Edit: And in the end, it's back to good old Fedora with Xfce. I guess I'm an old man, fixed in my ways. Haiku was interesting, but not nearly as stable as needed. OpenSuSE with Xfce was rough, it requires more polish.
I've been a Fedora Linux user for a million years by now, and I haven't touched any other OS (outside of Windows 10 and 11 at work).
Lately I got a refurbished ThinkCentre from ca 2018 (7th generation Intel i5, 16GB RAM, Intel HD 630). The initial idea was to use it as a media PC but the small form factor ended up not being small enough for my living room.

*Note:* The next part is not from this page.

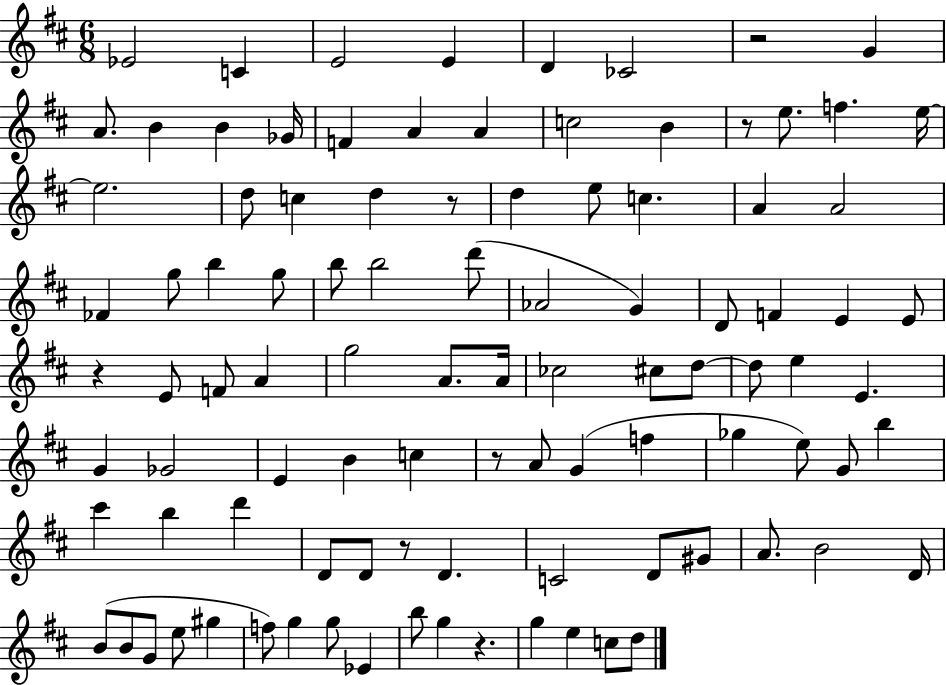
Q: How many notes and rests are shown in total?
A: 99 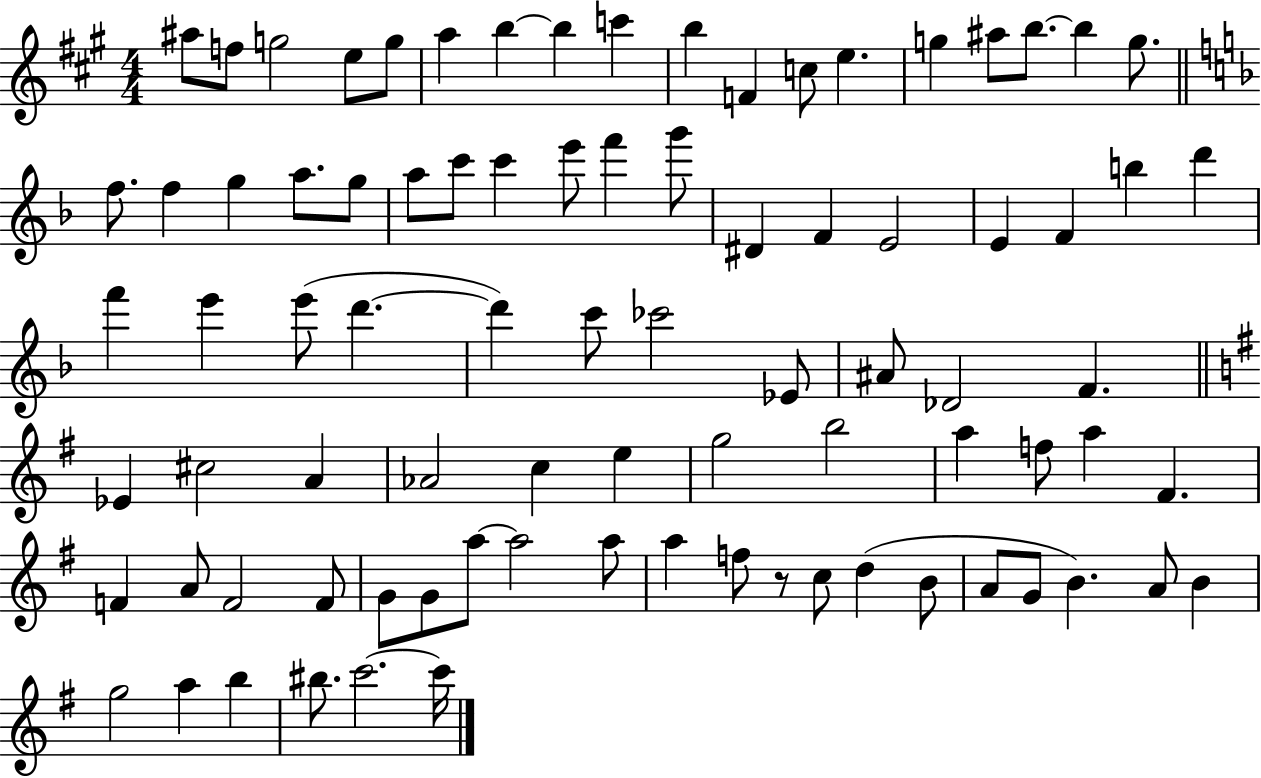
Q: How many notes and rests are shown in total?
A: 85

Now I'm thinking of using it as a desktop PC for a while, to see if it can make my laptop be a portable machine again instead of always plugged, always on. If it doesn't work out, I'll use it as a home server.

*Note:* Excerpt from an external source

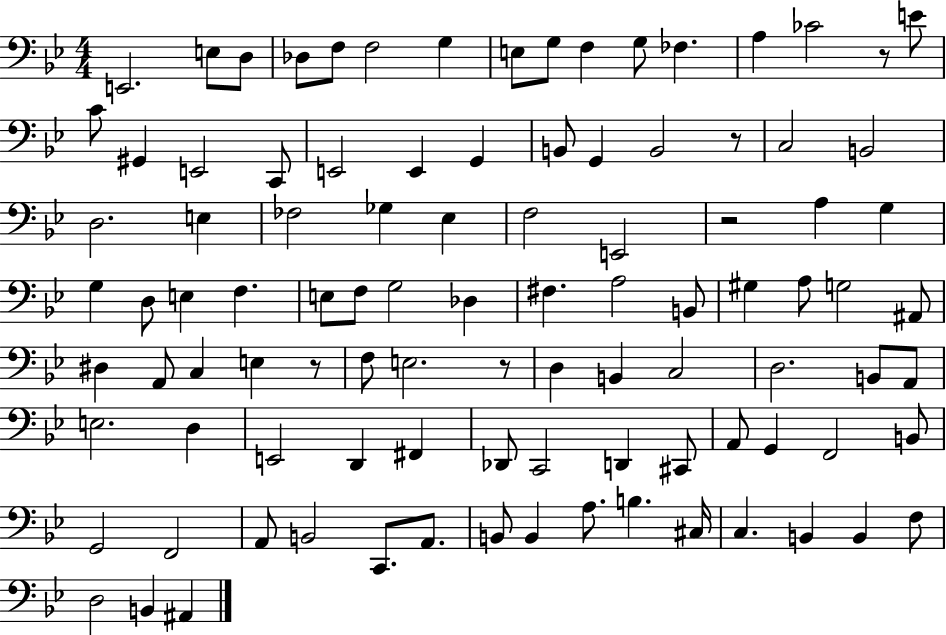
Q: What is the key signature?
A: BES major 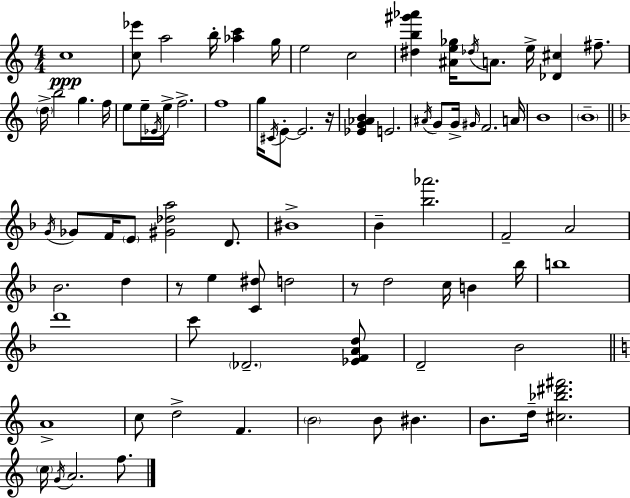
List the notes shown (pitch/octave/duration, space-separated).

C5/w [C5,Eb6]/e A5/h B5/s [Ab5,C6]/q G5/s E5/h C5/h [D#5,B5,G#6,Ab6]/q [A#4,E5,Gb5]/s Db5/s A4/e. E5/s [Db4,C#5]/q F#5/e. D5/s B5/h G5/q. F5/s E5/e E5/s Eb4/s E5/s F5/h. F5/w G5/s C#4/s E4/e E4/h. R/s [Eb4,G4,Ab4,B4]/q E4/h. A#4/s G4/e G4/s G#4/s F4/h. A4/s B4/w B4/w G4/s Gb4/e F4/s E4/e [G#4,Db5,A5]/h D4/e. BIS4/w Bb4/q [Bb5,Ab6]/h. F4/h A4/h Bb4/h. D5/q R/e E5/q [C4,D#5]/e D5/h R/e D5/h C5/s B4/q Bb5/s B5/w D6/w C6/e Db4/h. [Eb4,F4,A4,D5]/e D4/h Bb4/h A4/w C5/e D5/h F4/q. B4/h B4/e BIS4/q. B4/e. D5/s [C#5,Bb5,D#6,F#6]/h. C5/s G4/s A4/h. F5/e.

Since this is all an experiment, I want to give a new OS a shot before I settle for the familiar Fedora.
OpenSuSE is the first on my list, but even from the LiveUSB I noticed that the software selection is more limited than I'm used to.
I'm thinking of giving HaikuOS a shot as well.

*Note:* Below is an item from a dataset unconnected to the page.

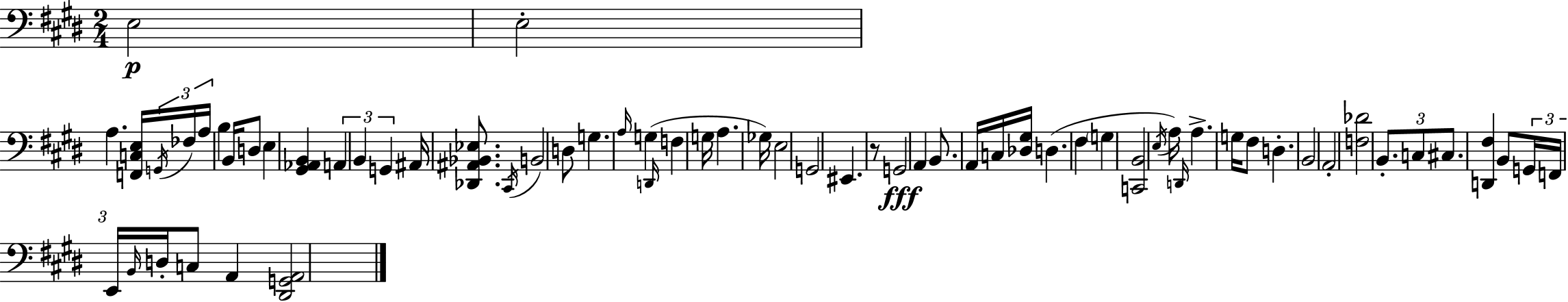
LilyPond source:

What else has been going on in the world of free OSes since 2007? What's one that you are excited about?
Personally I am excited for immutable distributions, so my suggestion would be Fedora Silverblue or Kinoite. It may be a spin of Fedora, but it works completely differently than regular Fedora. I am using it as my daily driver for over a year already and I am quite happy with it (apart from reoccurring breakages caused by kernel updates, e. g. my AMD desktop currently does not work with kernel 6.4 or newer, but this doesn't have anything to do with Silverblue).
There are other immutable distributions out there, e. g. Vanilla OS or openSUSE microOS, so if you really want to avoid Fedora, you could also choose trying out one of these. In the case of Vanilla OS I would wait until version 2 is out, because version 2 will be radically different from the first release.
Silverblue is very "traditional" as far as immutable distros go. The main difference from regular Fedora I've noticed are the side effects of using rpm-ostree instead of dnf, which is that by using a base image, it is easier to track how an install deviates from the base image, and easy to swap out for another base set of packages by changing the image.